Background: The recent breakthroughs in the enhancement of zT on PbTe-based materials
have been mostly attributed to the material microstructures incorporated during quench or hot press
processes that cause the reduction of thermal conductivity. However, in the practical applications, the
structural and thermoelectric configurations in the thermoelectric devices need to stay stable at the
operational temperature for long periods of time. Recently, the thermal stability of melt-grown PbTeSe
materials has been demonstrated experimentally. In this report, instead of the thermally unstable
microstructural inhomogeneity/defects, single and multiple impurities were intentionally incorporated
into PbTe crystals during the melt growth to modify their thermoelectric properties.
Methods: Fourteen PbTe crystals were grown from starting melts with various single and multiple
dopants by un-seeded vertical directional solidification. A disc-shaped sample was sliced from each
crystal and various characterizations, including thermal diffusivity, density measurements, electrical
conductivity, Seebeck coefficient and Hall measurement, were performed on the same discs to study
the effects of impurity incorporation on the resultant thermoelectric properties.
Results: The results show that the introduction of impurities reduces the thermal conductivity. The
singly doped Sb-doped PbTe and high Sb-content PbAgSbTe crystals have higher thermal
conductivities than the Bi- and In-doped PbAgSbTe crystals, and the multiple doping PbAgSbTe
crystals have the lowest thermal conductivity. The measured Figure of Merits for thermoelectric
applications, zT, shows that most of the samples have maxima between 1.05 and 1.1 in the 350 to
450°C temperature range, except the Cl-doped PbTe having the highest zT of 1.33 at 420°C and the
multiple doping sample having the lowest zT of 0.6 at 450°C.

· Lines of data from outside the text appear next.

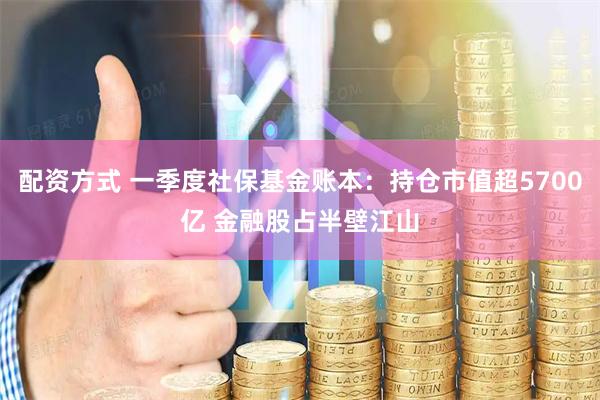 配资方式 一季度社保基金账本：持仓市值超5700亿 金融股占半壁江山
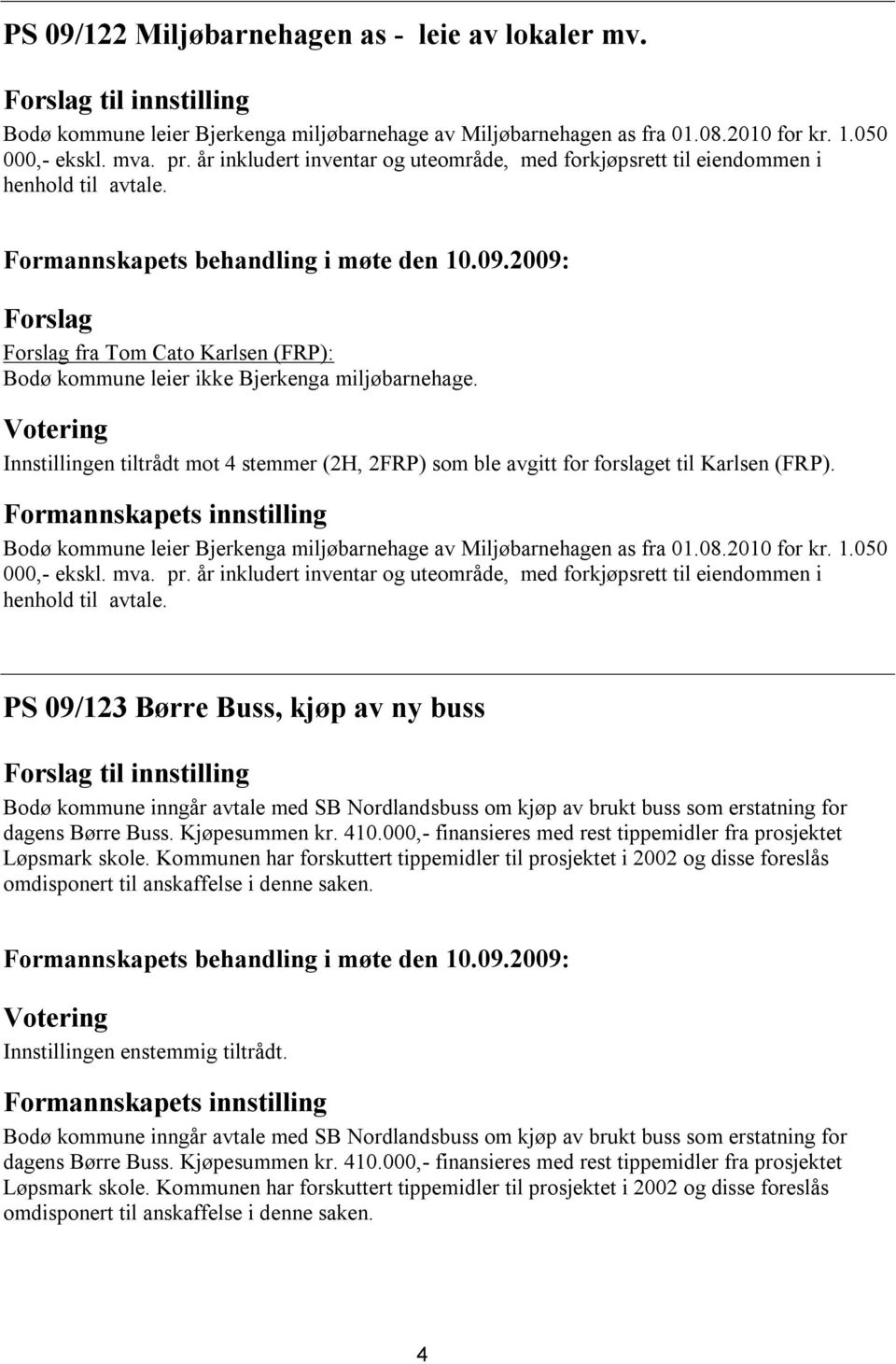 Innstillingen tiltrådt mot 4 stemmer (2H, 2FRP) som ble avgitt for forslaget til Karlsen (FRP). Bodø kommune leier Bjerkenga miljøbarnehage av Miljøbarnehagen as fra 01.08.2010 for kr. 1.
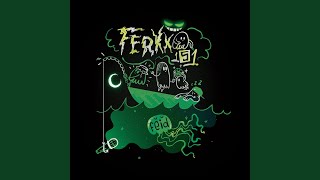 FERXXO 151 [upl. by Patsy]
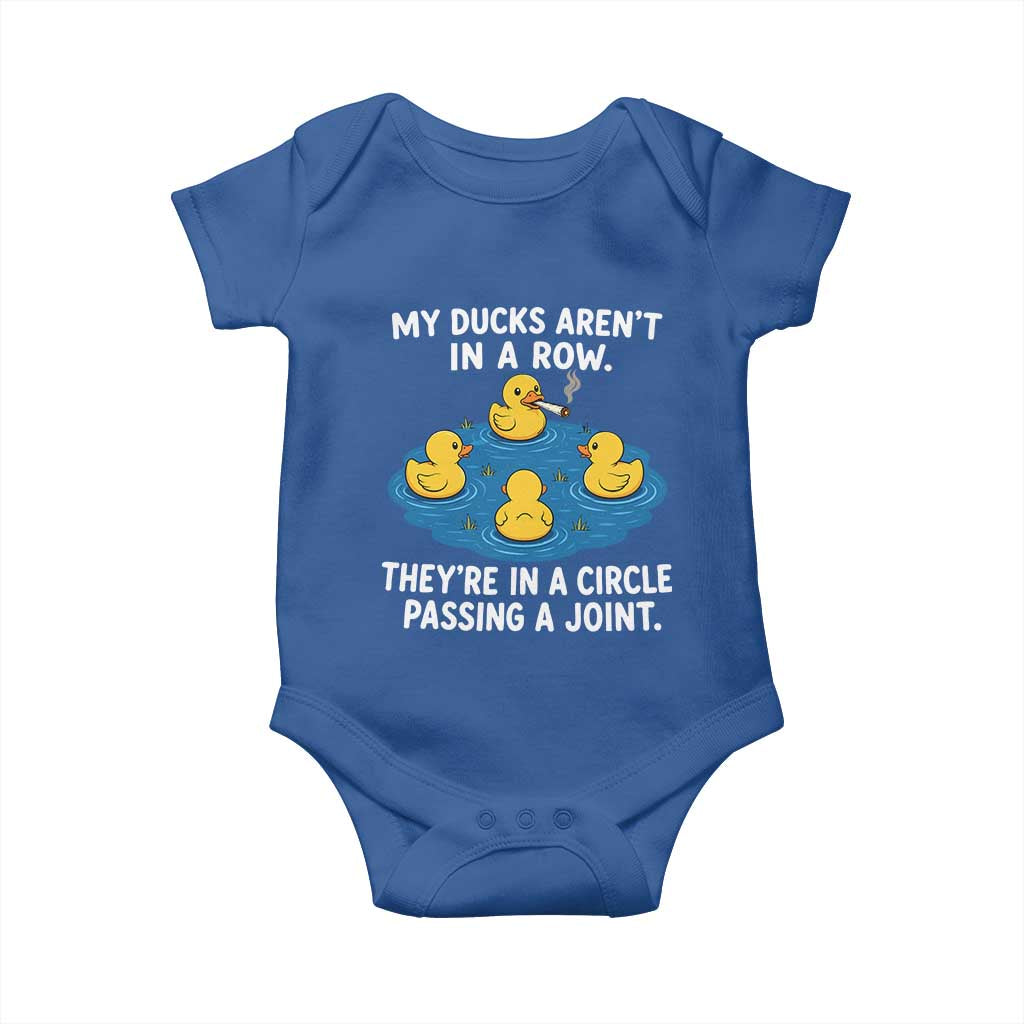 My Duck Arent In A Row They Are In A Circle Passing A Joint Baby Onesie Funny Duck Cannabis Cigarette TS11 Royal Blue Print Your Wear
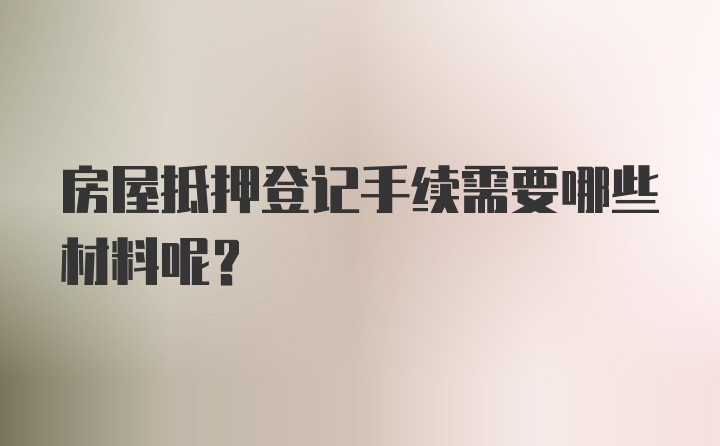 房屋抵押登记手续需要哪些材料呢？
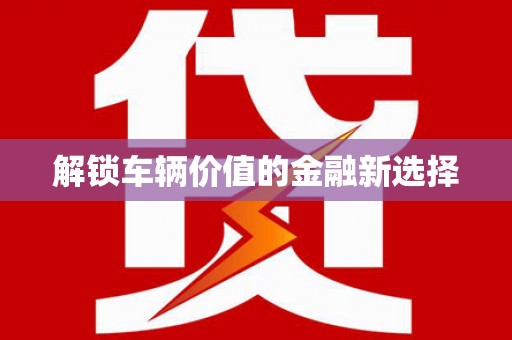 广河解锁车辆价值的金融新选择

Conclusion: Although the introduction of impurities reduces the measured thermal conductivity, it
also reduces the electric carrier conduction by slowing its mobility. From examining the Lorenz
number, L, the ratio of thermal conductivity to the product of electrical conductivity and temperature,
it was shown that the incorporation of multiple impurities has an adversary effect on the Figure of
Merit due to the larger reduction in electrical conductivity than in thermal conductivity. Comparing
with the theoretical calculations on electrical and thermal conductivity, to minimize Lorenz number it
is suggested that (1) the dopant concentration, i.e., the dopant spacing, needs to be optimized to be
comparable to the mean free path of phonons and (2) the concentration of extrinsic hole, i.e., the
acceptor originated either from impurity or from native defect (such as Pb vacancy or interstitial Te)
needs to be minimized to enhance electrical conductivity.